ENIG suits higher value products like enterprise servers, telecom infrastructure, defense electronics, avionics, and medical products where long shelf life and field reliability drive value over cost.

Advantages:

  • Long lasting oxidation protection
  • Excellent planarity aiding fine pitch ICs
  • Consistent uniform thickness
  • Highly solderable surface
  • Hard gold layer withstands wear
  • Ideal for aluminum wire bonding

Disadvantages:

  • High material expense (gold)
  • Complex process control
  • Brittle nickel layer below gold
  • Black pad risk over time
  • Gold thickness difficult to inspect

Electrolytic Nickel/Gold

Nickel/gold platings apply two metallic layers galvanically using electrical current unlike ENIG. The initial bright nickel underplating runs much thicker at 100-250 microinches (2.5-6 microns) before the gold flash coating goes down at 10-50 microinches (0.25-1.25 microns). This electrolytic process allows thicker, harder gold layers.

Process Overview:

Microetched PCBs get racked into nickel and gold electrolytic plating tanks in sequence where submerged anodes and cathodes allow current to flow depositing metal onto boards. Precisely regulating solution chemistry, temperatures, voltages and waveform parameters ensures consistency. Fixture designs avoid air pockets or density differentials across boards.

Key Characteristics:

  • Thicker hard gold layer variants
  • Withstands repeated mating cycles
  • Lead-free and RoHS compliant
  • Reworkable finish

Applications:

Connectors, edge fingers, contact points and bonding pads utilize the durability while moderate cost suits higher volume cost-sensitive applications.

Advantages:

  • Harder, more wear resistant gold
  • Lower material cost vs. ENIG
  • Reliable solder joints
  • High throughput process
  • Allows probe testing

Disadvantages:

  • Highly technique sensitive
  • Long process time
  • Brittle layers may crack
  • Dense PCBs risk plating voids
  • Soldermasked areas may need busbars

Electroless Ni Electroless Pd Immersion Au (ENEPIG)

ENEPIG finishes upgrade ENIG, replacing the nickel underlayer with electroless palladium before gold deposition for enhanced surface protection without nickel corrosion or black pad risk. As a newer process, it currently costs more than ENIG however.

Key Characteristics:

  • Excellent shelf life 
  • Corrosion resistant and inert
  • Superior oxidation barrier
  • Lead-free and RoHS compliant
  • Reworkable finish

Applications:

ENEPIG best suits high-reliability applications with long shelf lives like aerospace, defense, and medical products where reliability guides value over initial cost.

Advantages:

  • Highest reliability and longevity
  • Eliminates black pad risk
  • Ideal for wire bonding needs
  • Extremely flat planar surface
  • Solderable for 10+ years

Disadvantages:

  • Highest cost finish
  • Lengthened process time
  • Limited industry experience
  • Process control challenges
  • Hard to visually inspect

Conclusion

This overview of primary surface finishes highlighted how PCB fabrication represents a series of interdependent processes where each step along the way impacts the outcome of those that follow.

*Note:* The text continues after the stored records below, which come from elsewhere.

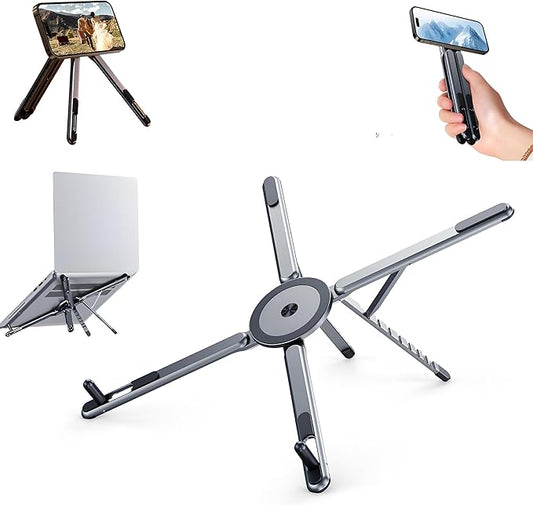 Laptop Stand for Desk, Ergonomic Portable Laptop Stand, Powerful Magnetic Adjustable & Multi-Rotatable Laptop Riser Compatible with (4.7" or Larger) Phone/Tablets/PC (Grey)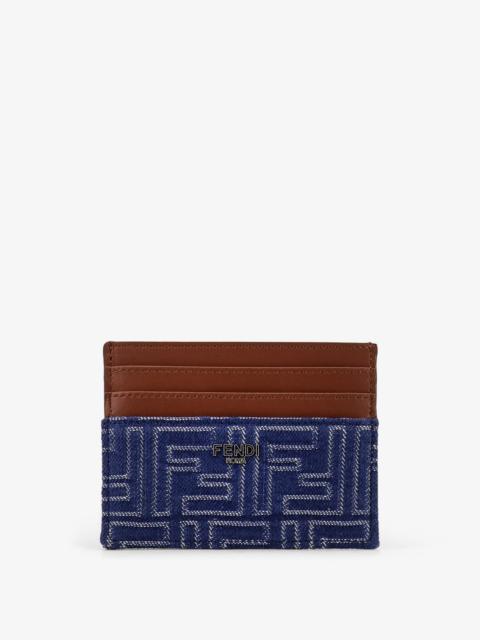 FENDI Fendi Jacquard Ff Fabric Cardholder With Denim Effect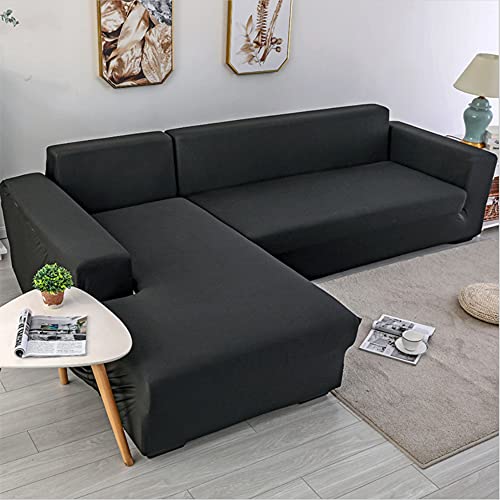 Universelles Stretch-Sofabezug-Set für Eckcouch – 2-Sitzer und 3-Sitzer – Lederschutz – Ganzjahres-Möbelschutz – Schwarz Universelles Stretch-Sofabezug-Set für Eckcouch – 2-Sitzer und 3-Sitzer – Lederschutz – Ganzjahres-Möbelschutz – Schwarz von Generisch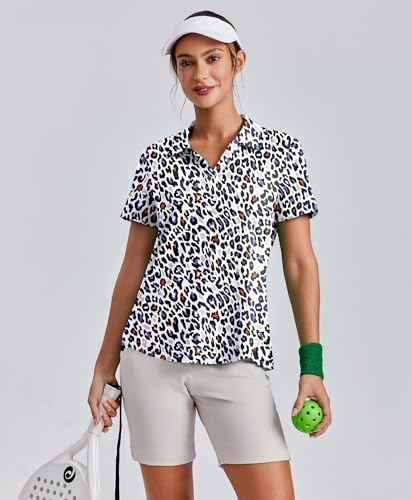 Image of PINSPARK Womens Golf Shirt Short Sleeve Polos UPF 50+ Collared Tennis Tops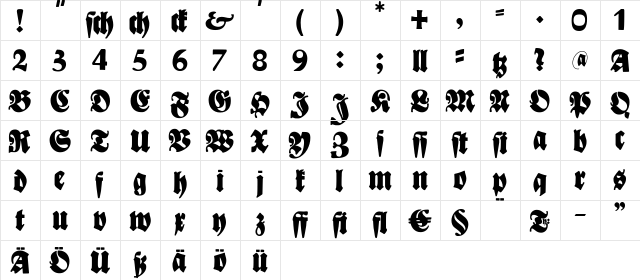 Bayreuth Regular  glyph index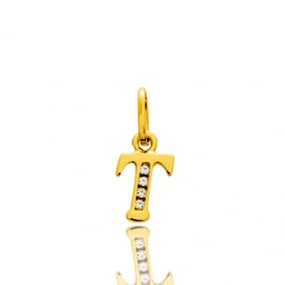 Pendentif or Jaune et Oxyde de Zirconium Initiale T Rosie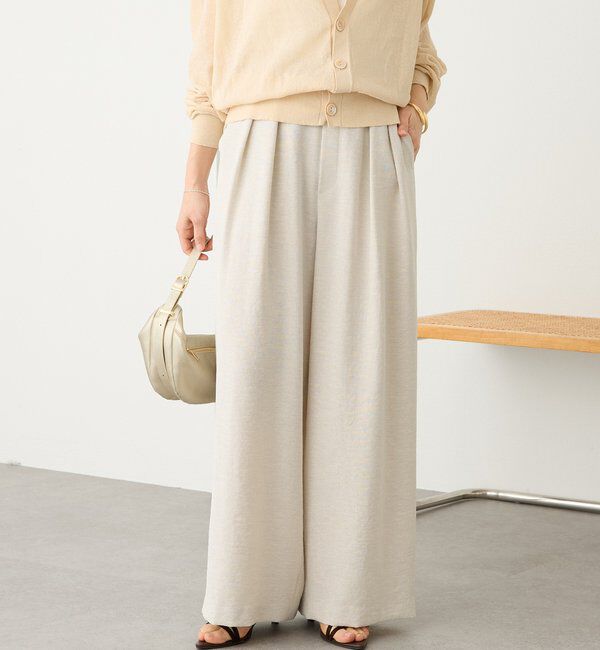  「予約【防シワ性/紫外線防止】リネンライクタックワイドスラックス」|チノ|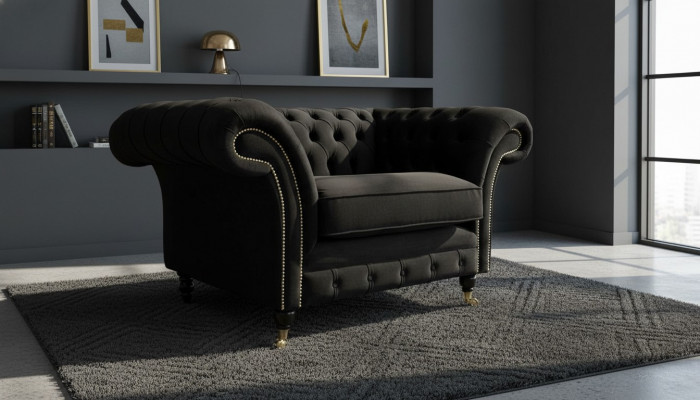 Fauteuil Chesterfield pour télé, canapé 1 place, tissu textile, canapés rembourrés #5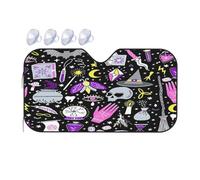 FEYUNYAN Universal Car Windshield Sun Shade For All Vehicles, Automotive Sun Visor, Magic Witch Bohemian Car Windshield Sunshade, Uv Protection Portable Sunscreen For Front Windscreen Cover, 140x76 cm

The surface finish – whether Hot Air Solder Leveled, Organic Solderability Preservative, Immersion Silver, Immersion Tin, Electroless Nickel Immersion Gold, Electrolytic Nickel Gold or related variants – exerts considerable influence.

Engineers factor in shelf life, solderability, bonding suitability, reliability needs, signal integrity, and cost constraints among other determinants when selecting a finish for their particular application and operating environment. Additional considerations include manufacturability, throughput, equipment utilization and ease of quality control.

Striving for an ideal optimization across this matrix of considerations ultimately enables functional, reliable and cost-effective electronic hardware. As applications advance and demands grow more stringent, we can expect continuing innovation in surface finish options and processing techniques to meet emerging needs.